Planners have proposed the new airport to take the pressure off the existing international airport, which heaves at peak travel times causing long delays even with a massive new terminal and third runway opened in time for 2008's Beijing Olympics.
Preparatory construction work for the new airport would start this year, Xinhua quoted Beijing Mayor Guo Jinlong as saying. The first phase would be able to handle 40 million passengers a year, the report said. Beijing Capital International Airport, by comparison, handled almost 74 million passengers last year.
Chinese media says the new airport will be located in Beijing's southern Daxing district. By 2015, the city would have an air transport capacity of 120 million people a year, Xinhua added.
Beijing already has a second airport, the mainly military facility at Nanyuan which also handles a handful of civil flights to secondary and tertiary cities. Officials have said they have no plans to expand there.

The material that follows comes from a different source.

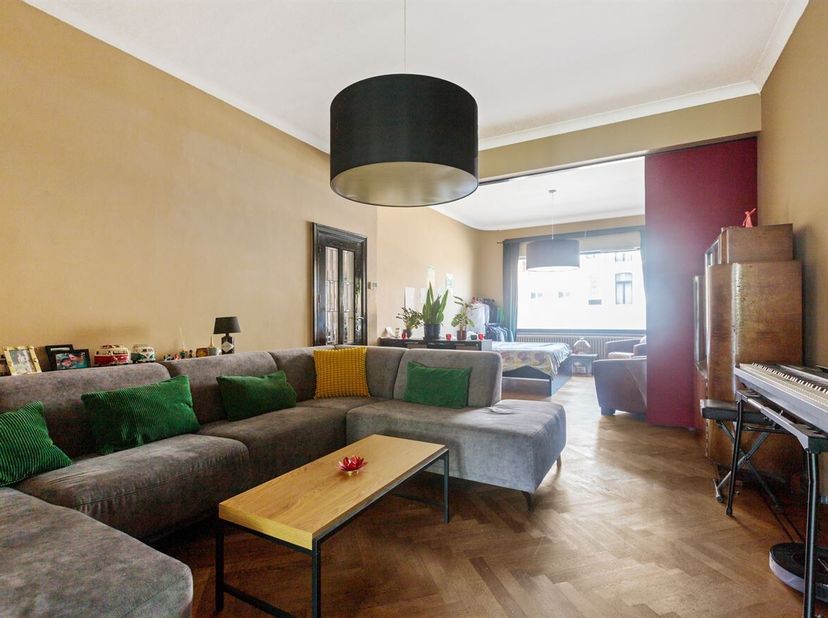 Deze woning geniet van een uiterst strategische ligging, op korte afstand van het bruisende centrum van Hasselt. Dankzij de vlotte verbinding met de G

Air travel is developing rapidly in China on the back of a booming economy. Boeing confirmed this week that China had agreed to a $19 billion contract to buy 200 Boeing aircraft for delivery between 2011 and 2013.
China also has big plans for its airport network, especially in poorer and more re-mote regions in the far west. But many of these stylish new airports have struggled to attract customers and languish with just a few flights a week, or none at all.